------ Available data
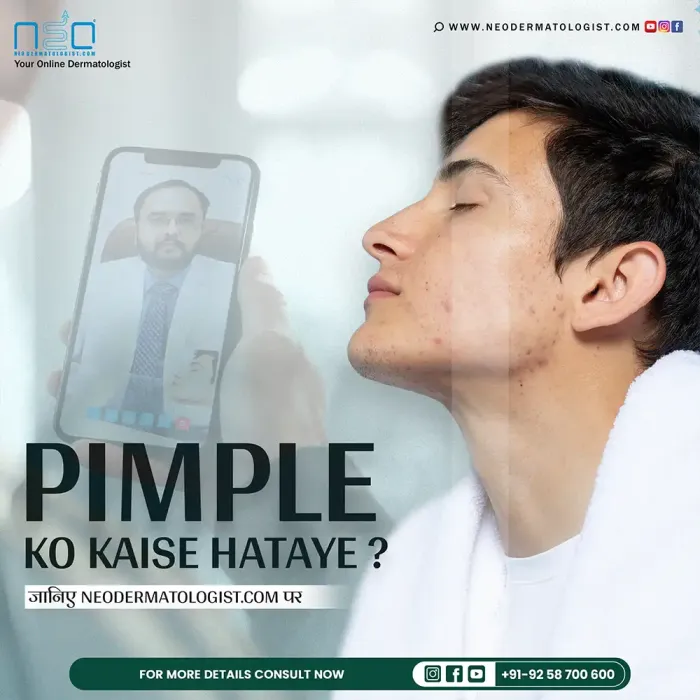Know how to remove a pimple - expert tips and treatment by Dr.Ruchir Shah at Neodermatologist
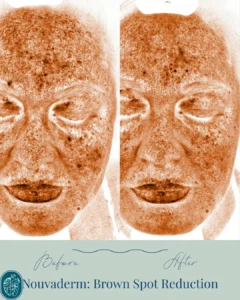 Nouvaderm Before and Afters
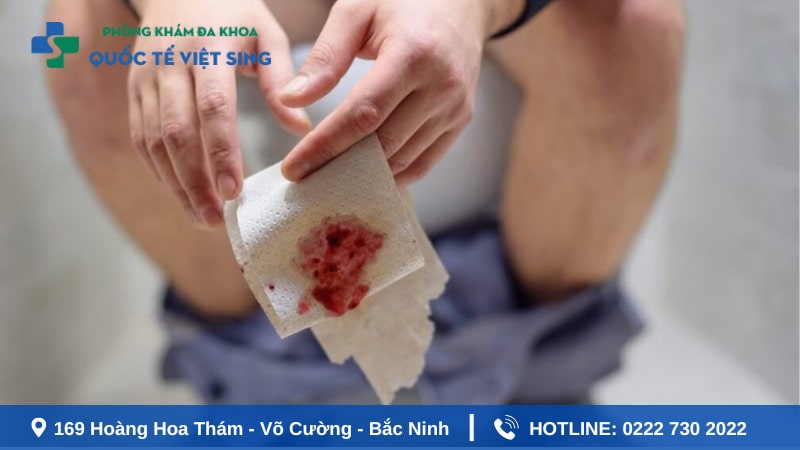 Khi nào cần đến gặp bác sĩ vì đi ngoài ra máu?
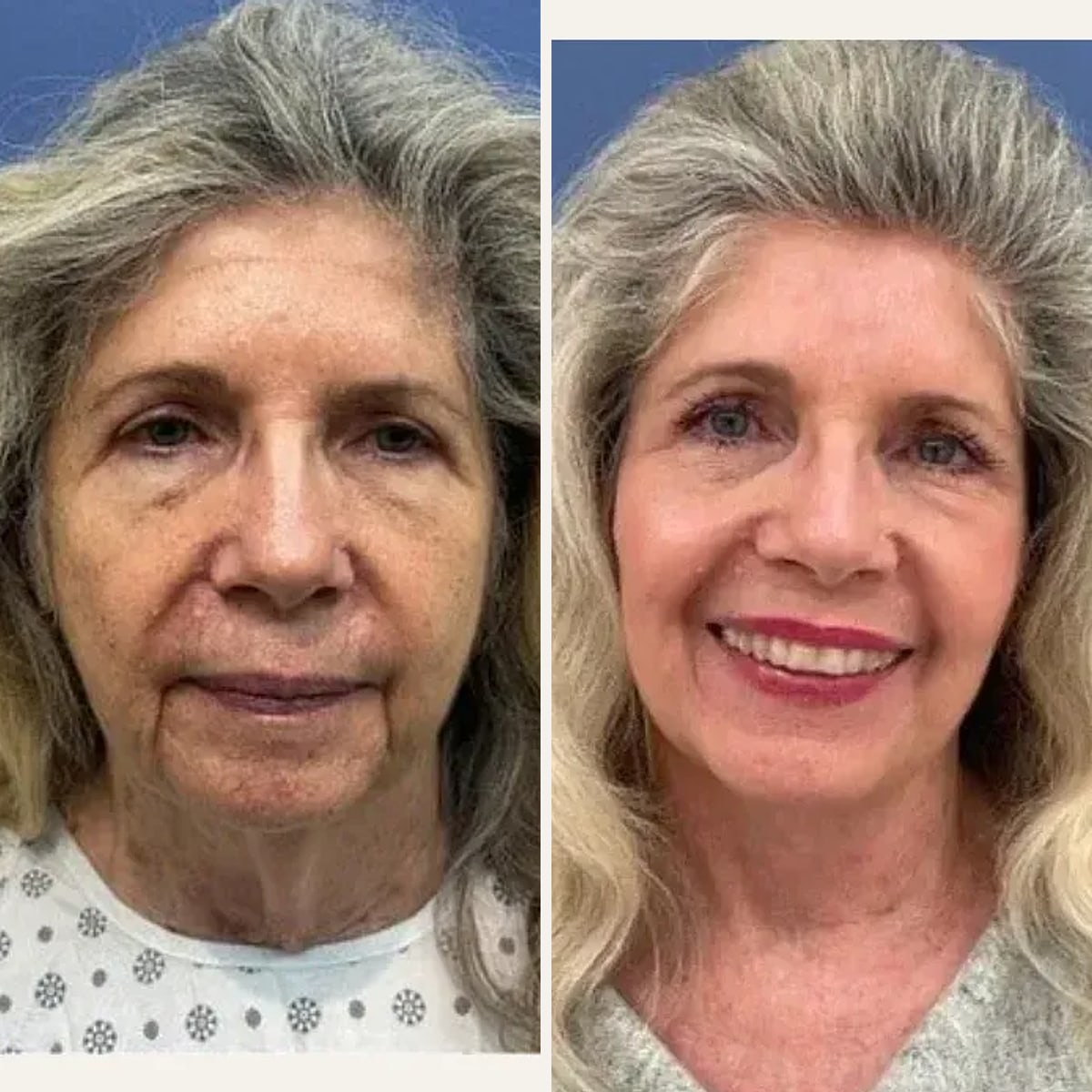 Before and after: Dr. Daniel Golshani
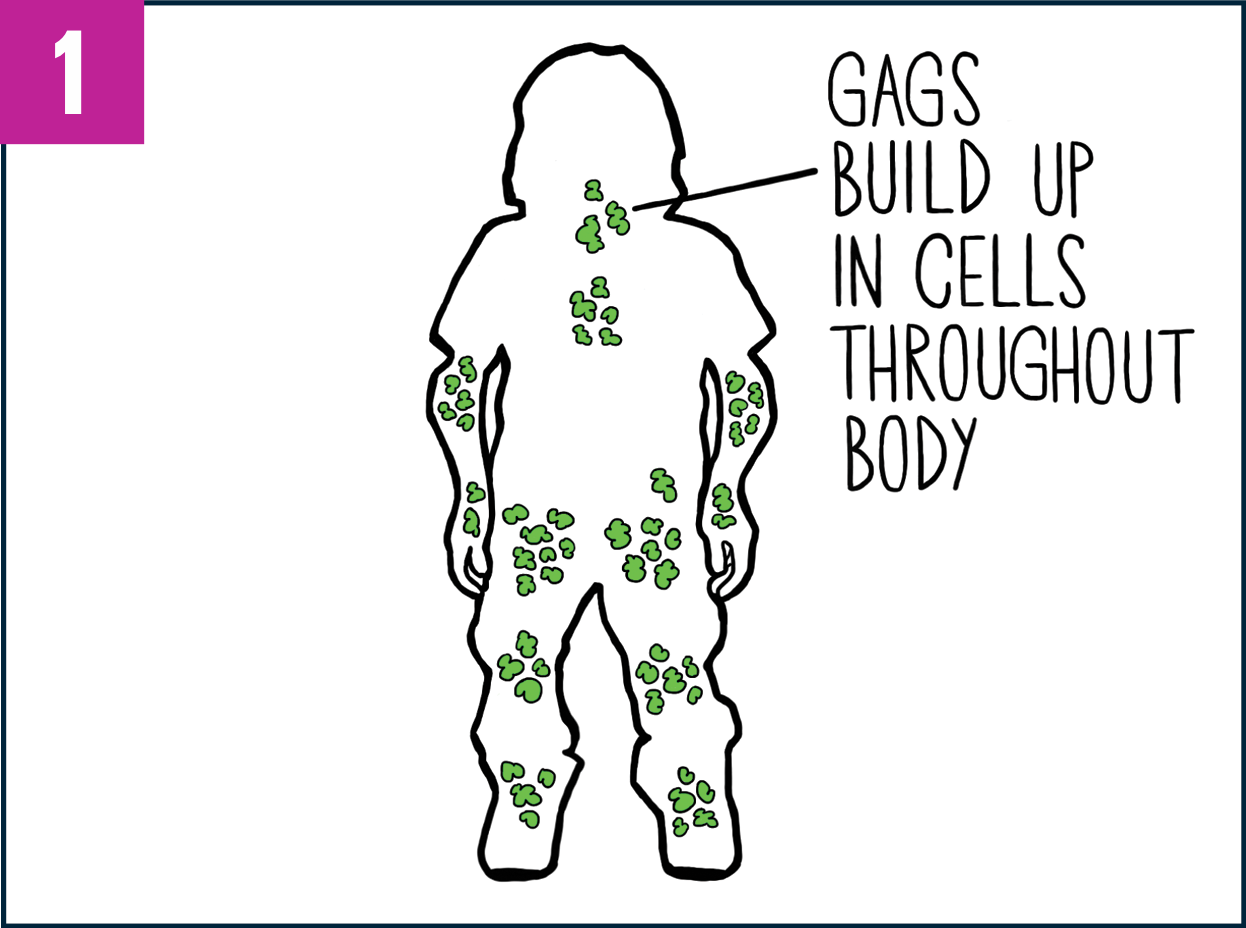 Outline of a patient's body showing GAG buildup in various areas of the body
------------
What the task requires: Repeat the entries exactly, pictures left out.

Answer box:
Know how to remove a pimple - expert tips and treatment by Dr.Ruchir Shah at Neodermatologist
 Nouvaderm Before and Afters
 Khi nào cần đến gặp bác sĩ vì đi ngoài ra máu?
 Before and after: Dr. Daniel Golshani
 Outline of a patient's body showing GAG buildup in various areas of the body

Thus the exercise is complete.